_Exercise directions_
Retype the lines below exactly, but only those from the line that has "ActiveJet Toner Brother Tn-325c" through the line that has "Eco Home Gran". Omit every picture.

_Stored data_
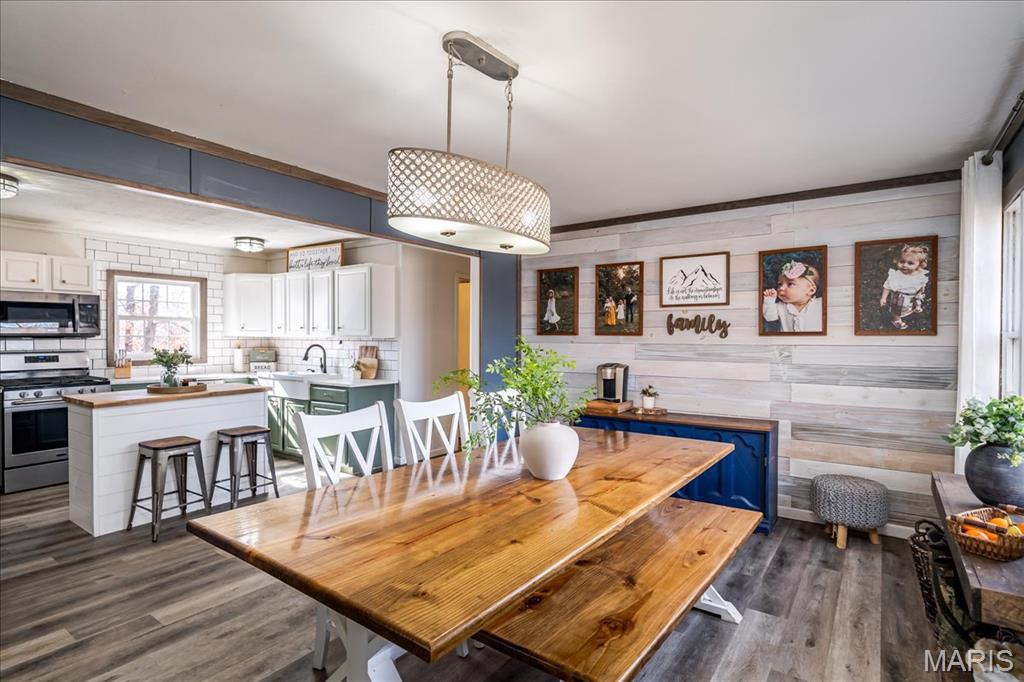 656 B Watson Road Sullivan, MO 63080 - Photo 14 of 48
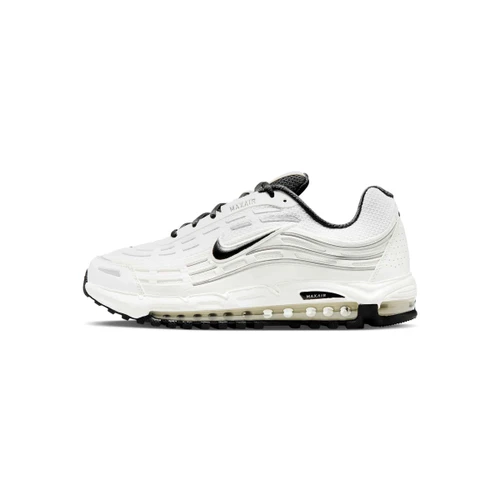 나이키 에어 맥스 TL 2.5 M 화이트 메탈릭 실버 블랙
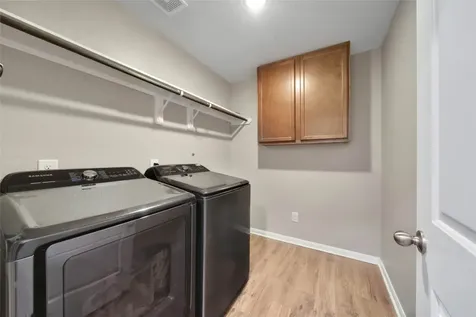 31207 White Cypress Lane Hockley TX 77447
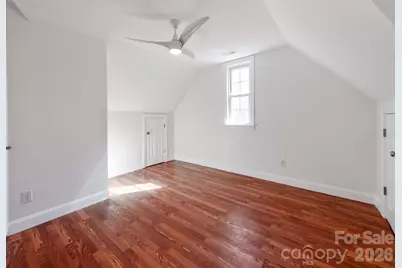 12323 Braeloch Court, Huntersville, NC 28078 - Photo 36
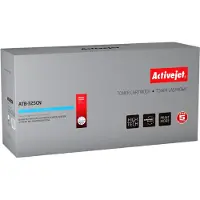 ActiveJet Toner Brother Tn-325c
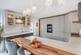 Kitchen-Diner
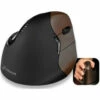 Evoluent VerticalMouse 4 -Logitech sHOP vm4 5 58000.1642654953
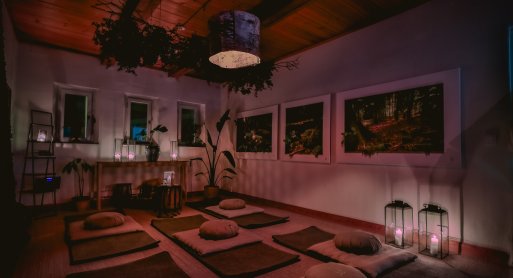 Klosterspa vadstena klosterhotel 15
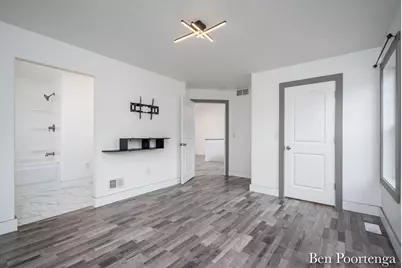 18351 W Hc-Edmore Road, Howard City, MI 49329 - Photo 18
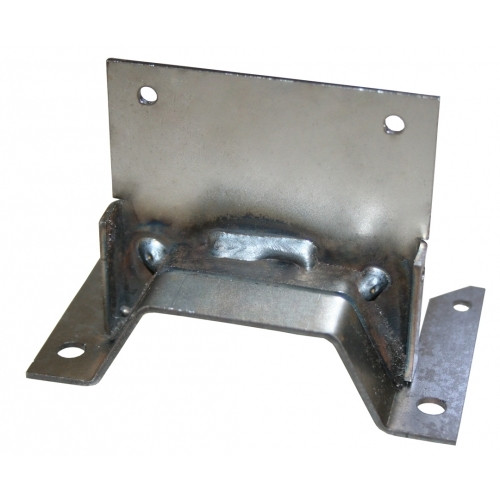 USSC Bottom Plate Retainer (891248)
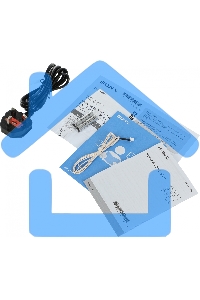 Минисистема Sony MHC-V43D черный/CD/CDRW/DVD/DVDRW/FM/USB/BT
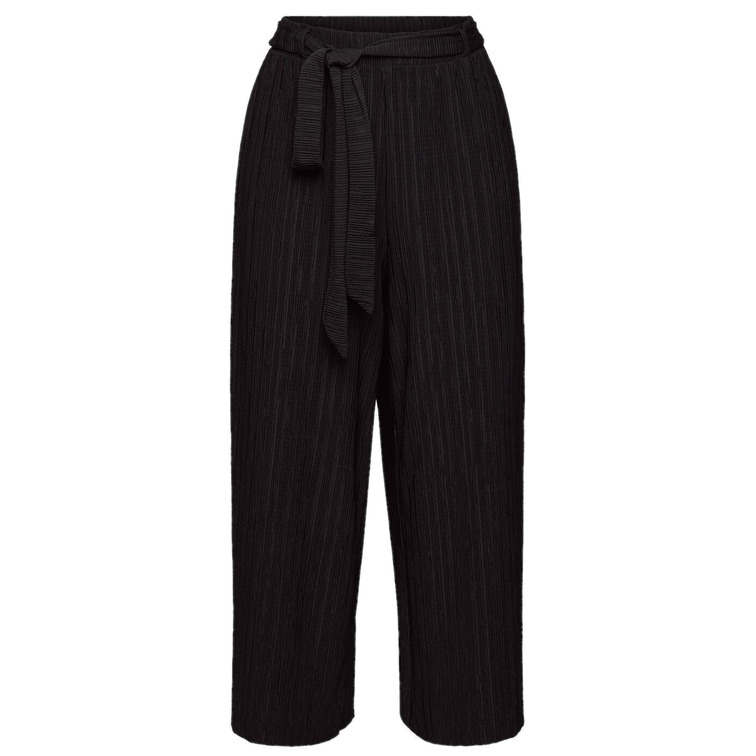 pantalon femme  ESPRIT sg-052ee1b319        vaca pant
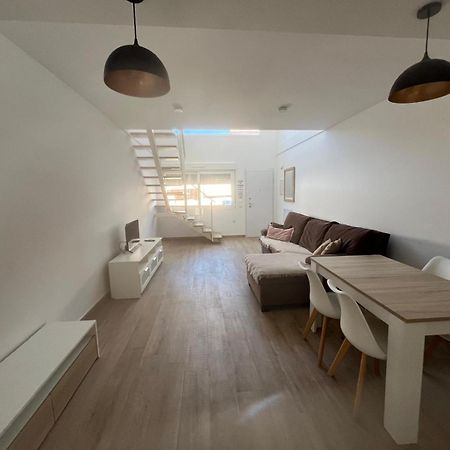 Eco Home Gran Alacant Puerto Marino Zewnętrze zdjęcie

---

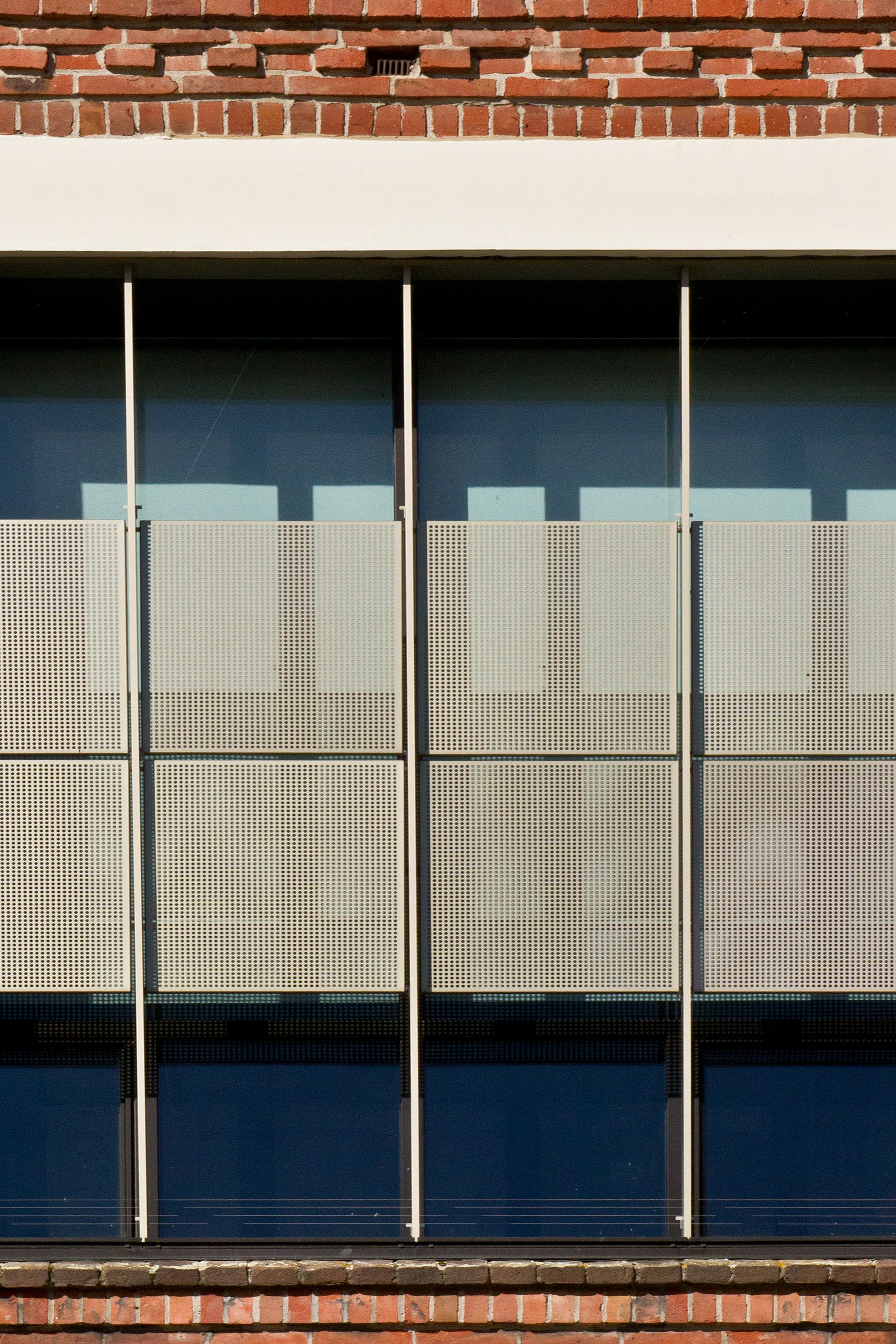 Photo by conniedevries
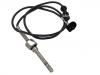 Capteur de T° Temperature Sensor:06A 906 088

_Exercise answer_
 ActiveJet Toner Brother Tn-325c
 Kitchen-Diner
 Evoluent VerticalMouse 4 -Logitech sHOP vm4 5 58000.1642654953
 Klosterspa vadstena klosterhotel 15
 18351 W Hc-Edmore Road, Howard City, MI 49329 - Photo 18
 USSC Bottom Plate Retainer (891248)
 Минисистема Sony MHC-V43D черный/CD/CDRW/DVD/DVDRW/FM/USB/BT
 pantalon femme  ESPRIT sg-052ee1b319        vaca pant
 Eco Home Gran Alacant Puerto Marino Zewnętrze zdjęcie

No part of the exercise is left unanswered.